New York 18th. April 1816
Your letter of the 12th. reached me only the day before yesterday, and not willing to make a hasty decision, I have delayed an answer till to day. I feel very grateful for your kind offer, which I know to have been equally owing to your friendship for me and to your views of public utility. I decline it with some reluctance because I think that I would be more useful at home than abroad and I had much rather be in America than in Europe. The reasons which induce me nevertheless to decline, under existing circumstances, preponderate. With these I do not mean to trouble you, and will only mention that, although competent, as I think, to the higher duties of office, there is, for what I conceive a proper management of the Treasury; a necessity for a mass of mechanical labour, connected with details, forms, calculations &c, which having now lost sight of the thread and routine, I cannot think of again learning & going through.
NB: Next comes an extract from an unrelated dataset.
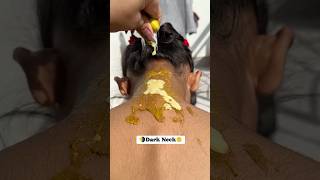 Neck Cleaning Tips \u0026 Trick/Get Rid Of Dark Neck/ Dark Neck Remove Home Remedies #shorts #viralvideo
I know that, in that respect, there is now much confusion due to the changes of office & the state of the currency; and I believe that an active young man can alone reinstate & direct properly that department.
I may add that I have made a number of arrangements founded on the expectation of the French mission, of a short residence there and of a last visit to my Geneva relations, which could not be undone without causing inconvenience to me and disappointment to others. Accept my grateful thanks, and the assurance of my constant and sincere attachment and respect. Your obedt. Servt.
DLC: Papers of James Madison, Rives Collection.